**Data listing**
┄┄┄┄┄┄┄┄┄┄┄┄┄┄┄┄┄┄┄┄
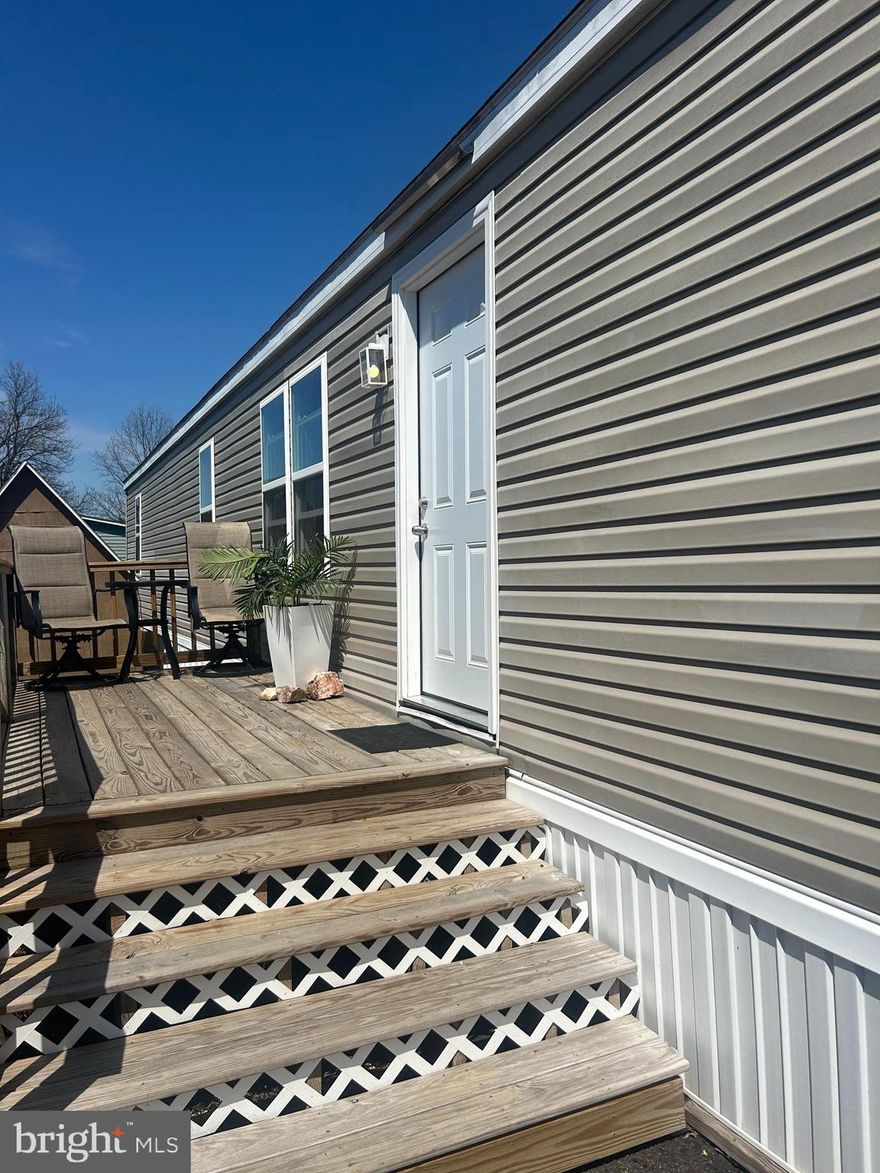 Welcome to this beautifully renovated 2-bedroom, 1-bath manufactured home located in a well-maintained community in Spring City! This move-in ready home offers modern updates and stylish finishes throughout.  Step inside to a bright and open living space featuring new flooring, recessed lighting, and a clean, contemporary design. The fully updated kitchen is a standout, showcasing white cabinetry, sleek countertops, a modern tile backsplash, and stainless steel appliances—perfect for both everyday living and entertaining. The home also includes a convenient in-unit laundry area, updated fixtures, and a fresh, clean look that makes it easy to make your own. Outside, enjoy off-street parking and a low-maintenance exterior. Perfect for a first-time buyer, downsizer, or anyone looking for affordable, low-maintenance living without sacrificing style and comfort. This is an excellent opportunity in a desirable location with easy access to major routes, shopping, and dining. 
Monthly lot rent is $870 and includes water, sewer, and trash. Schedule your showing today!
┄┄┄┄┄┄┄┄┄┄┄┄┄┄┄┄┄┄┄┄
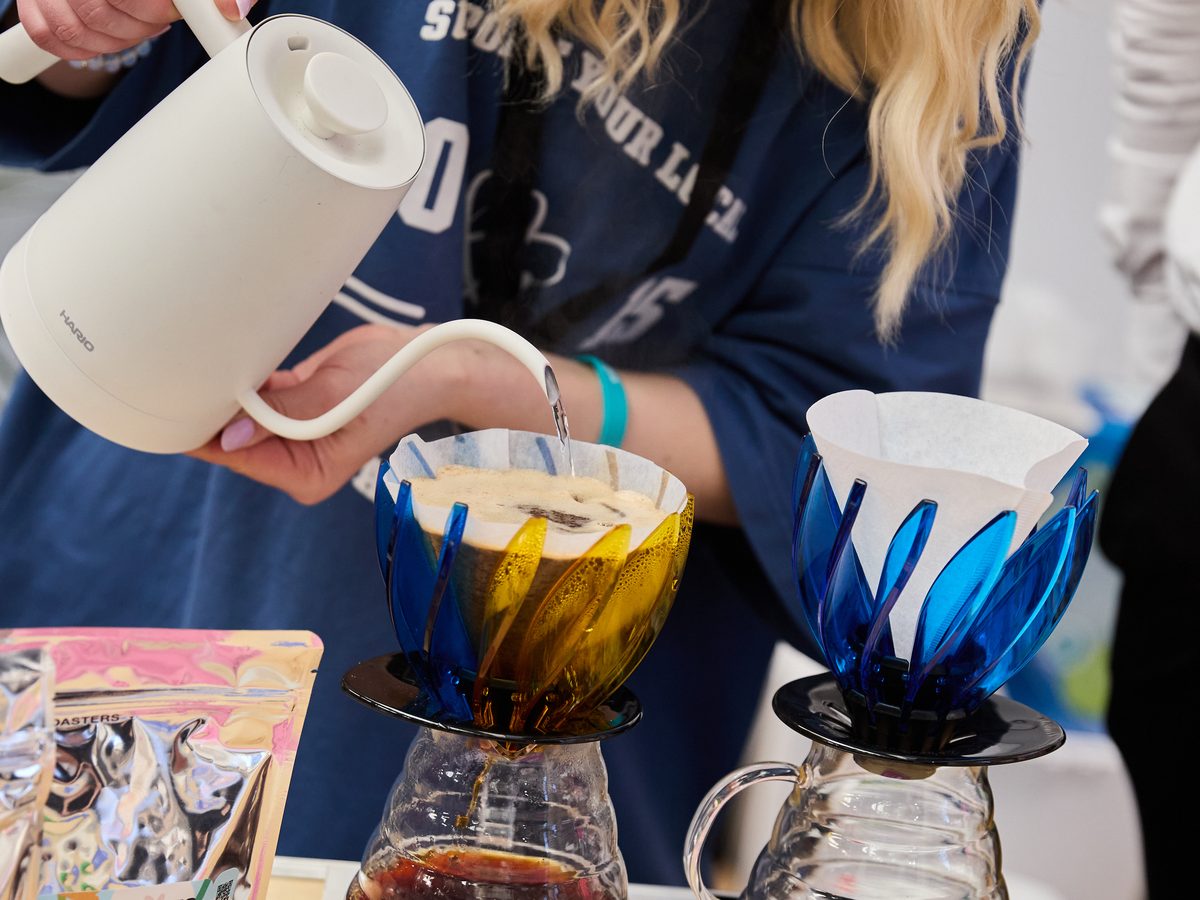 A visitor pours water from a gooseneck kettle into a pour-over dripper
┄┄┄┄┄┄┄┄┄┄┄┄┄┄┄┄┄┄┄┄
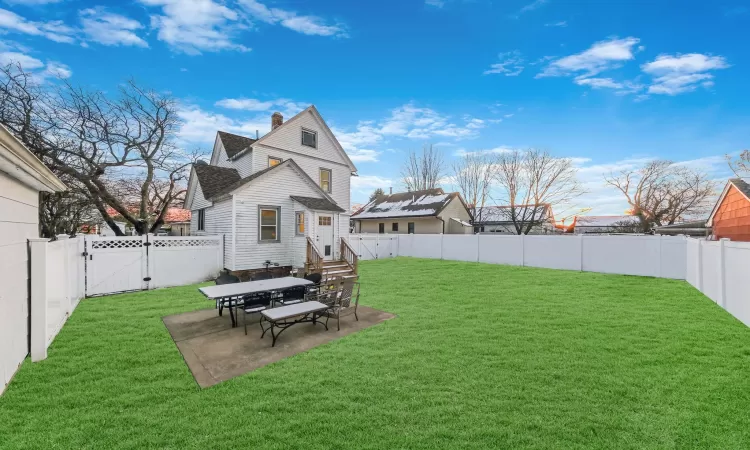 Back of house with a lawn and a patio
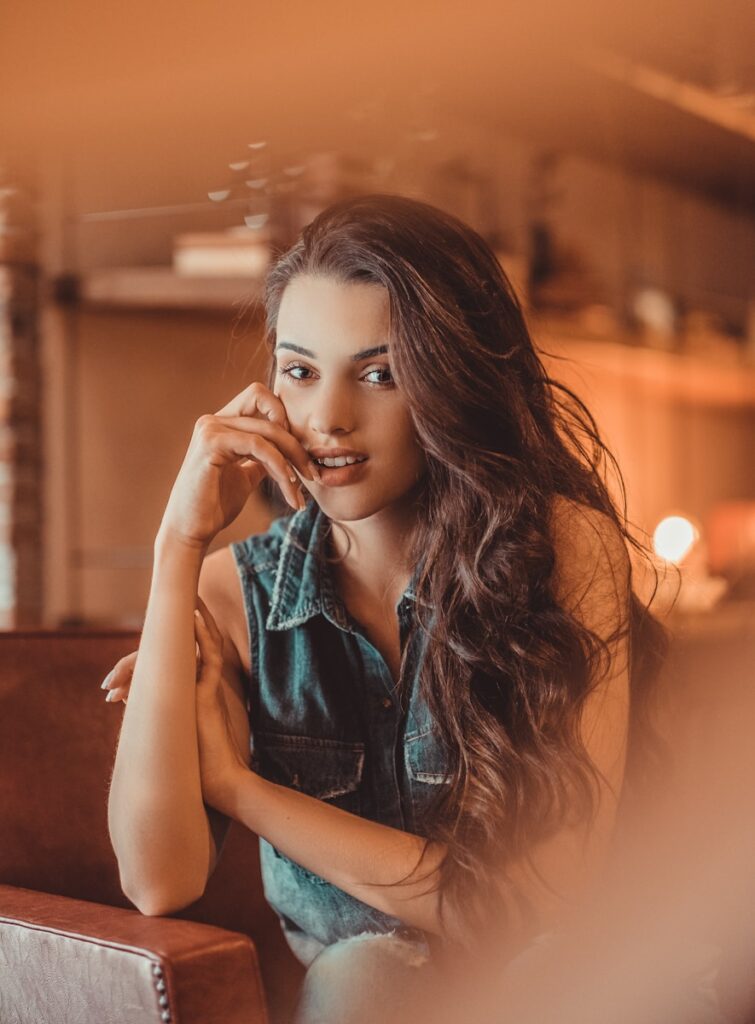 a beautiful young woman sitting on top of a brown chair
┄┄┄┄┄┄┄┄┄┄┄┄┄┄┄┄┄┄┄┄
**Action item**
From the records above, output only the lines starting at the one containing "Welcome to this" and ending at the one containing "Monthly lot rent", word for word. Pictures stay out.

**Solution**
 Welcome to this beautifully renovated 2-bedroom, 1-bath manufactured home located in a well-maintained community in Spring City! This move-in ready home offers modern updates and stylish finishes throughout.  Step inside to a bright and open living space featuring new flooring, recessed lighting, and a clean, contemporary design. The fully updated kitchen is a standout, showcasing white cabinetry, sleek countertops, a modern tile backsplash, and stainless steel appliances—perfect for both everyday living and entertaining. The home also includes a convenient in-unit laundry area, updated fixtures, and a fresh, clean look that makes it easy to make your own. Outside, enjoy off-street parking and a low-maintenance exterior. Perfect for a first-time buyer, downsizer, or anyone looking for affordable, low-maintenance living without sacrificing style and comfort. This is an excellent opportunity in a desirable location with easy access to major routes, shopping, and dining. 
Monthly lot rent is $870 and includes water, sewer, and trash. Schedule your showing today!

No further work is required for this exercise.